The Ink Blot

This past week, Judge Robert Bork passed away. He was best known for being rejected by the Senate after being nominated to the Supreme Court by President Reagan in 1987.

I remember this well, because I was in college at the time and found myself in an odd position. In the debates around the table at the dorm cafeteria, I found myself arguing, not in defense of Bork, but against the arguments against him, which ranged from the knee-jerk anti-capitalism of ignorant college students to slanderous ad hominems.

The reason I couldn’t really argue for Bork is because I deeply disagree with his theory of jurisprudence. He is known as an advocate of “originalism,” i.e., reading the Constitution according to its original meaning. Which is great, except for the backward way Bork did this. He didn’t hold that, unless the Constitution explicitly authorizes the federal government to do something, it is forbidden from doing it. Instead, he held that unless the Constitution explicitly prohibits the federal government from doing something, it is permitted to do it. Which is pretty much the opposite of the original meaning of the Constitution.

He used this to bar the invented “rights” that the left seeks to read into the Constitution—you know, the right to health care and that sort of thing—but his theory would also bar the Supreme Court from protecting legitimate rights.

What is wrong in Judge Bork’s view is summed up in his infamous statement that the Ninth Amendment is meaningless and might as well be an “ink blot.” (National Review‘s Ramesh Ponnuru tries to defend that statement here, but ends up describing Bork’s views too accurately.)

The issue is well worth understanding, because the Ninth Amendment is the very heart and soul of the Constitution, and no one who doesn’t understand it—as Bork admitted he didn’t—is qualified to sit on the Supreme Court.

I gave a brief talk on this at a local Bill of Rights Day ceremony two years ago, and here is the essence of my explanation.

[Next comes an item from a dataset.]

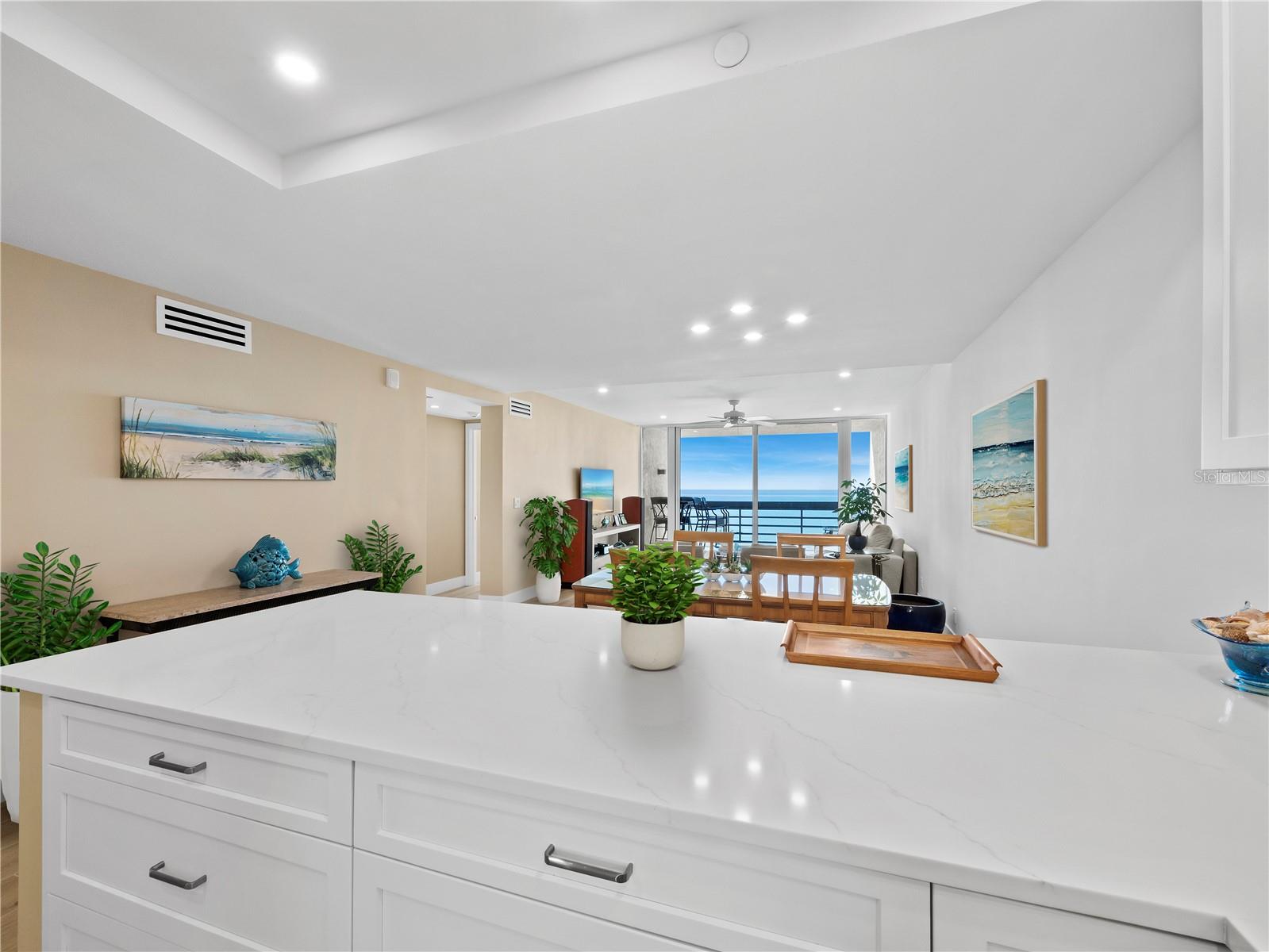 Image 7 of 57 For 1135 Gulf Of Mexico Drive 605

[T]he Ninth Amendment is abstract and general. Its importance is not in any particular clause establishing any particular right. Instead, its significance is in its view of the basic relationship between the individual and the state. For the people, there are a few actions that are forbidden, but the rest of life is a clear field of action unobstructed by the state. For the state, the reverse holds true: there are a few fields of legitimate action, marked out by the enumerated powers explicitly granted to Congress in the Constitution—but everything outside those fields is blocked off. For the people, the default condition is freedom of action. For the government, the default is constraint and limitation. For the people, that which is not forbidden is permitted. For the government, that which is not permitted is forbidden.

James Madison, the Father of the Constitution and chief author of the Bill of Rights, put it this way, specifically in talking about the role of the Bill of Rights and of the Ninth Amendment: “the powers [of the federal government] are enumerated, and it follows, that all that are not granted by the Constitution are retained; that the Constitution is a bill of powers, the great residuum being the rights of the people.”

Read the whole article; I think it’s one of my best. Jurisprudence on the right has improved since Bork’s heyday. Justice Thomas, in particular, seems to be playing an important role in promoting the Lockean theory of rights as the basis for constitutional interpretation. But enough of his view persists that it is important to understand the real meaning and purpose of the clause that was so opaque to him.